Data under study:
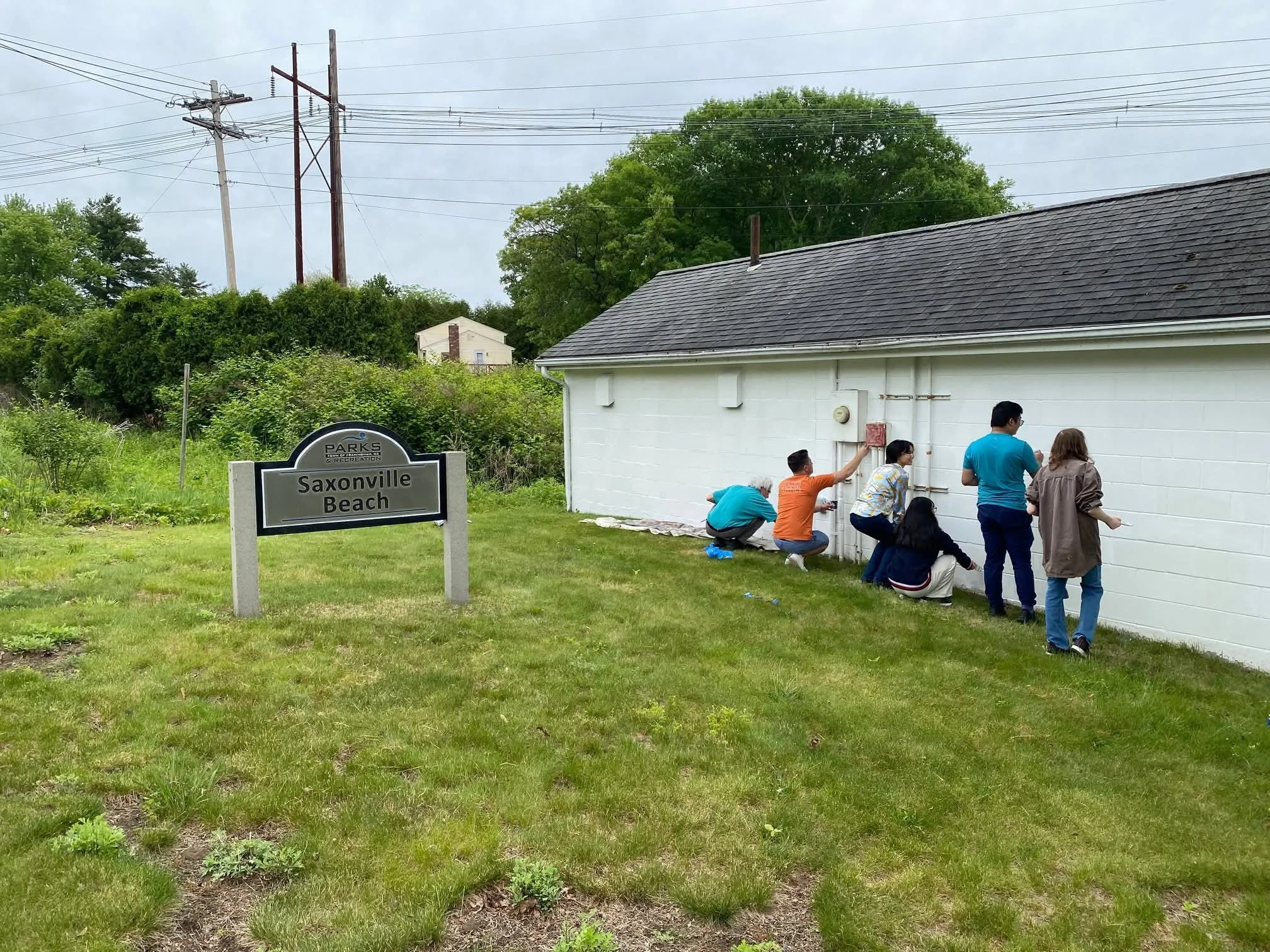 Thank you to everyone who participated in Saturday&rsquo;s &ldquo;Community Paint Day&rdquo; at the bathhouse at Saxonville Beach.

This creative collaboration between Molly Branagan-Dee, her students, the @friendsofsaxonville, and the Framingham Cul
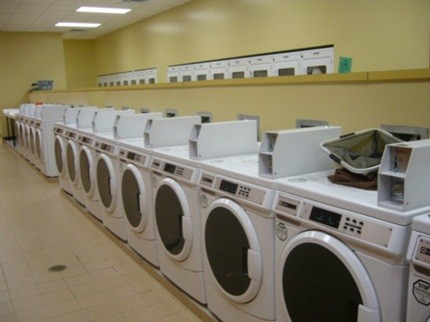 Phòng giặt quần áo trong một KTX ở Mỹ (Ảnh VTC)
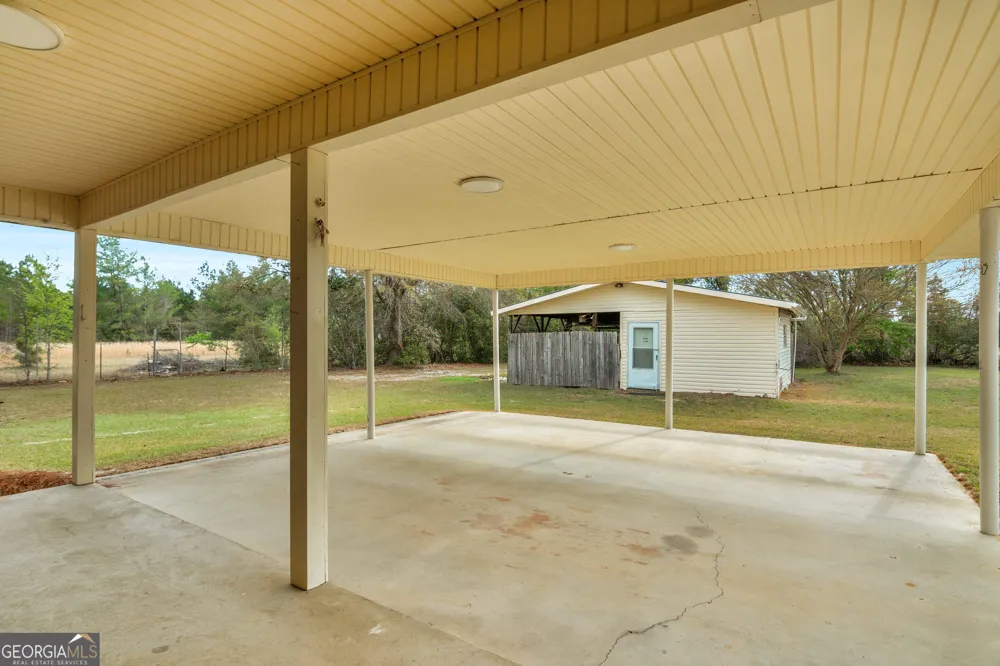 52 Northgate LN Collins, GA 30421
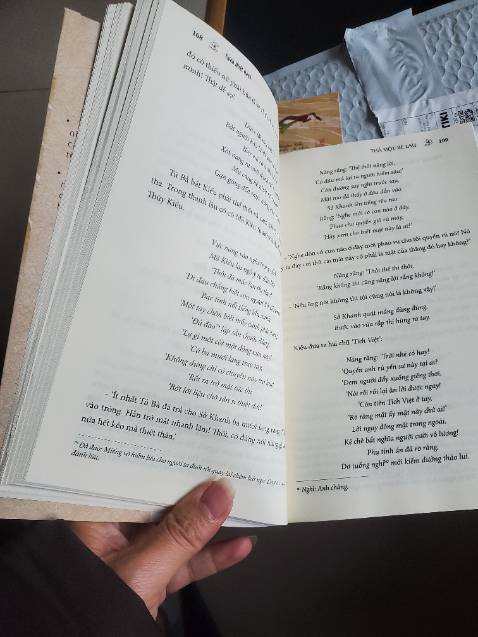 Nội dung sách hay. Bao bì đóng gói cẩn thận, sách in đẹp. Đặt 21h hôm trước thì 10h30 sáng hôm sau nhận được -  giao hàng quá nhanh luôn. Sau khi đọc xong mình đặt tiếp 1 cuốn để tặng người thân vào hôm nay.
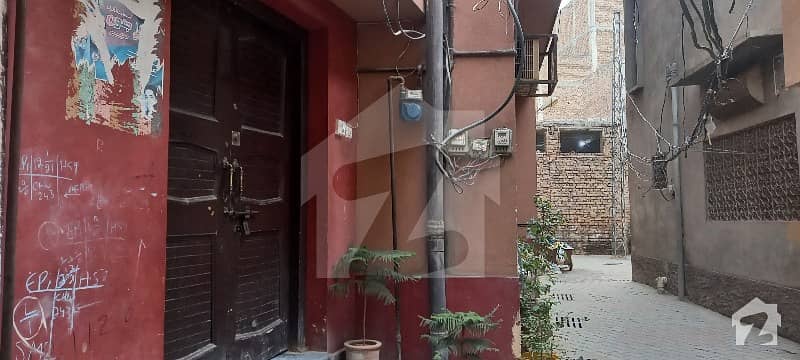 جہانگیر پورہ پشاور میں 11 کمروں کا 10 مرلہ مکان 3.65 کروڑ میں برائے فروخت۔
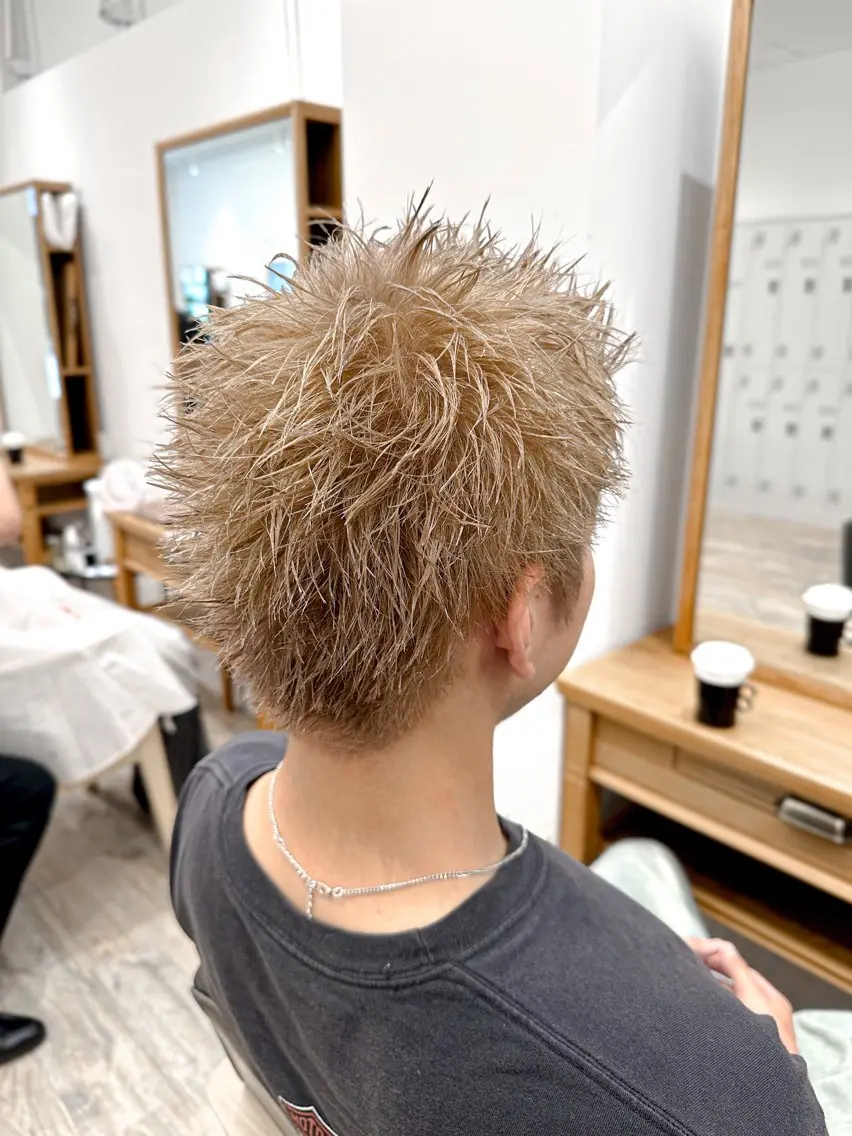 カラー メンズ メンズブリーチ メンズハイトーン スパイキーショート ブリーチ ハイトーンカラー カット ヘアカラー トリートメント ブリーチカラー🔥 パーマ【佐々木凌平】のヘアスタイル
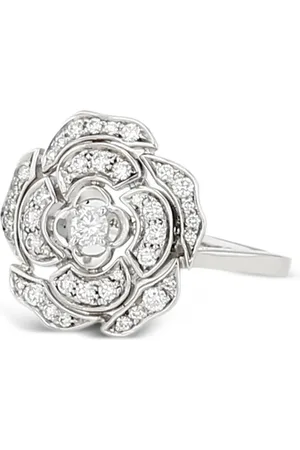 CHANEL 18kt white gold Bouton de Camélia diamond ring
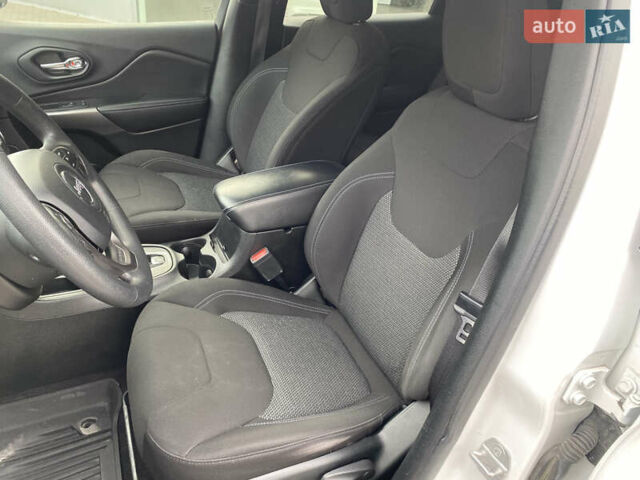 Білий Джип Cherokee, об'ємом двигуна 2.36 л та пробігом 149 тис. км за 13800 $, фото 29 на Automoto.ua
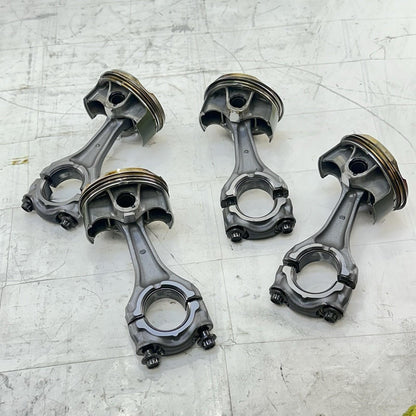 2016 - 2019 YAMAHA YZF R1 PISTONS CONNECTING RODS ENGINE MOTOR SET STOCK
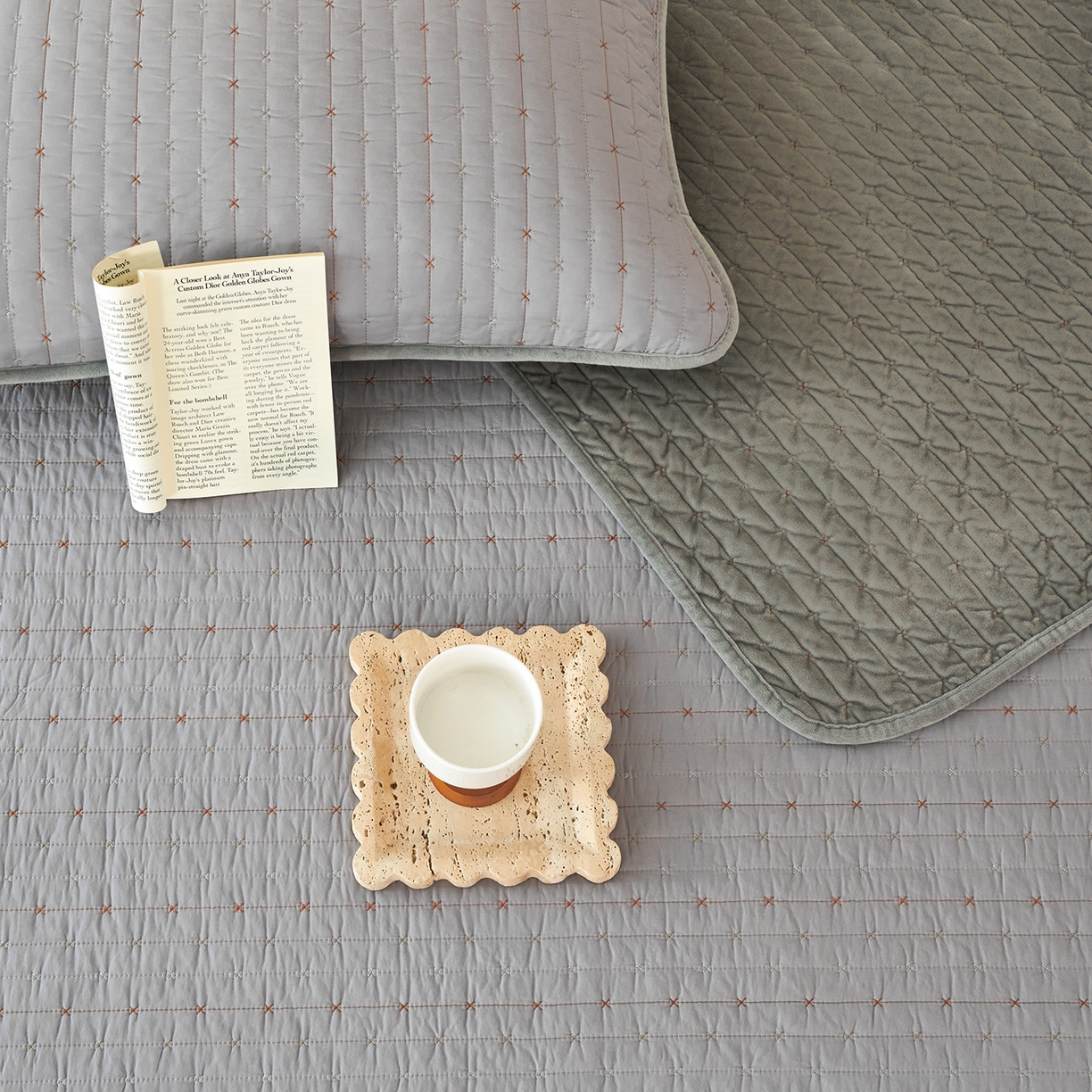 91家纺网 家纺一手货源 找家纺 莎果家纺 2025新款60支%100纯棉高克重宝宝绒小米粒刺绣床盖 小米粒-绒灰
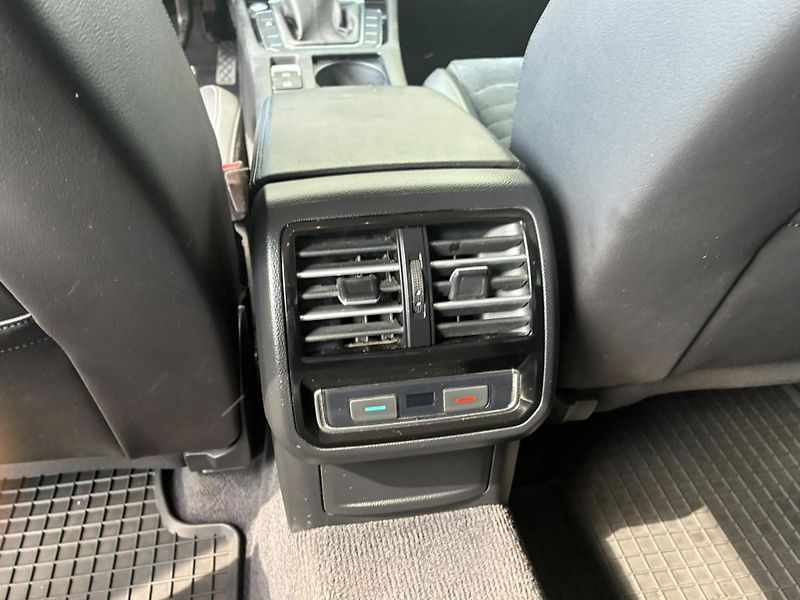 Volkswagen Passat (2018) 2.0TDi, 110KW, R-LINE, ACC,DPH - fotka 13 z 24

Work instruction: Every entry above is to be repeated word for word, with all pictures omitted.

Result of this exercise:
 Thank you to everyone who participated in Saturday&rsquo;s &ldquo;Community Paint Day&rdquo; at the bathhouse at Saxonville Beach.

This creative collaboration between Molly Branagan-Dee, her students, the @friendsofsaxonville, and the Framingham Cul
 Phòng giặt quần áo trong một KTX ở Mỹ (Ảnh VTC)
 52 Northgate LN Collins, GA 30421
 Nội dung sách hay. Bao bì đóng gói cẩn thận, sách in đẹp. Đặt 21h hôm trước thì 10h30 sáng hôm sau nhận được -  giao hàng quá nhanh luôn. Sau khi đọc xong mình đặt tiếp 1 cuốn để tặng người thân vào hôm nay.
 جہانگیر پورہ پشاور میں 11 کمروں کا 10 مرلہ مکان 3.65 کروڑ میں برائے فروخت۔
 カラー メンズ メンズブリーチ メンズハイトーン スパイキーショート ブリーチ ハイトーンカラー カット ヘアカラー トリートメント ブリーチカラー🔥 パーマ【佐々木凌平】のヘアスタイル
 CHANEL 18kt white gold Bouton de Camélia diamond ring
 Білий Джип Cherokee, об'ємом двигуна 2.36 л та пробігом 149 тис. км за 13800 $, фото 29 на Automoto.ua
 2016 - 2019 YAMAHA YZF R1 PISTONS CONNECTING RODS ENGINE MOTOR SET STOCK
 91家纺网 家纺一手货源 找家纺 莎果家纺 2025新款60支%100纯棉高克重宝宝绒小米粒刺绣床盖 小米粒-绒灰
 Volkswagen Passat (2018) 2.0TDi, 110KW, R-LINE, ACC,DPH - fotka 13 z 24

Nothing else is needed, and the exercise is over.